I begin to understand the appeal of free body culture. What a great day! I wash in the lagoon and set off to fetch drinking water upstream. Last night a few rain drops hit my tent, maybe there’s more water in the creek this morning and I won’t have to walk as far.
Cairns. Stone men. They reassure you that you’re on the right track.
Or, at least on a track. That other people have been here before. Not sure why they are here in this part of the creek. No drinking water here. Do they tell you to keep going? To have faith? It smells like crocodile here.
You would think it’s boring, walking on your own. But in fact it’s not. Not for me. There’s so much going on in my head, all I have to do is listen. It’s the perfect entertainment, and it’s all about me! I wonder how long you’ll have to walk for until your mind shuts up?
I almost burn my porridge again. I have given up making coffee since the instant powder I got is pish. The setting here makes me think of being stranded on a remote, uninhabited island. Which I kind of am. I wonder how long I could survive here? There’s plenty of drinking water, no real threat from wildlife. I’d have to learn how to fish, and figure out which plants are edible.
Ahead lies an easy day.
Only two hours to the next camping area, and from there a few more kilometers to a creek which hopefully has water. I’m getting picked up tomorrow moring at a place where I can’t camp, but I’d like to spend the night as close to there as possible, so I won’t miss the boat. It’s funny how I still worry about being late even though I get up at sunrise anyway, and they’ll even wait for me. Deeply ingrained habit.

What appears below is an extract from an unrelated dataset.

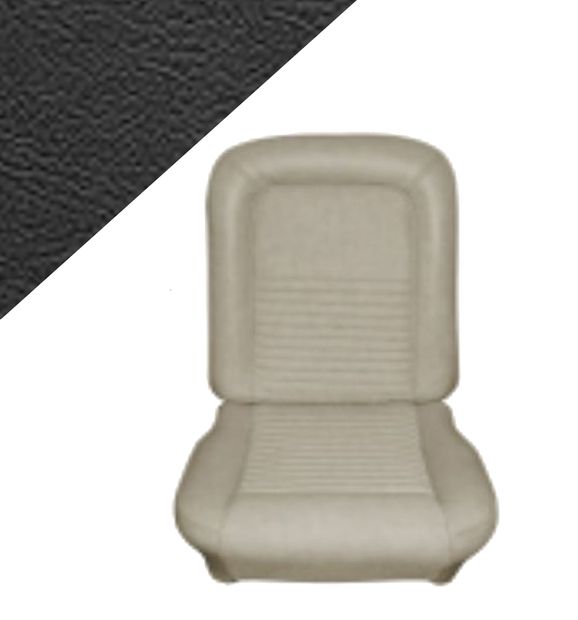 Cover Mustang 67 black DLX front in the group Ford/Mercury / Ford Mustang 65-73 / Interior / Upholstery front/rear seat / Upholstery Mustang 67 at VP Autoparts AB (C7ZZ-6562900-BKDF)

I reach Nina Bay. Another tropical paradise. I better watch the coconut trees. There’s this cliche that coconuts kill more people in Australia than sharks.
I take a dip in the sea, eat my last apple, and set off to find drinking water. I see a coconut on the ground which looks as if it hasn’t been there for very long. I carefully approach it while watching the other, dangerous ones on the tree. It takes me about an hour to open it with my cheap knife and a rock.
It’s still good! What a success!
The hardest part was actually to find the actual nut and to get rid of the softer, fibrous stuff around it. I could definitely survive here.
Ok, coconut gets old way before eating one quarter of it. At least I have enough food now.
At the top of my last climb I meet two Australian walkers and we chat for a while. I give them half of my coconut, they offer drinking water. I stupidly decline. When I reach my last lonely beach of this trip, Blacksand Beach, and my last place to put up my tent I realize that the creek I was counting on is dry. I guess I won’t wash until the boat pick-up then.
I set up my tent on the beach under tea trees.
The map says they are tea trees (melaleuca), but to me they look like eucalyptus trees. This is not a designated camping area. No rat-boxes here, so I hang my food up in a tree.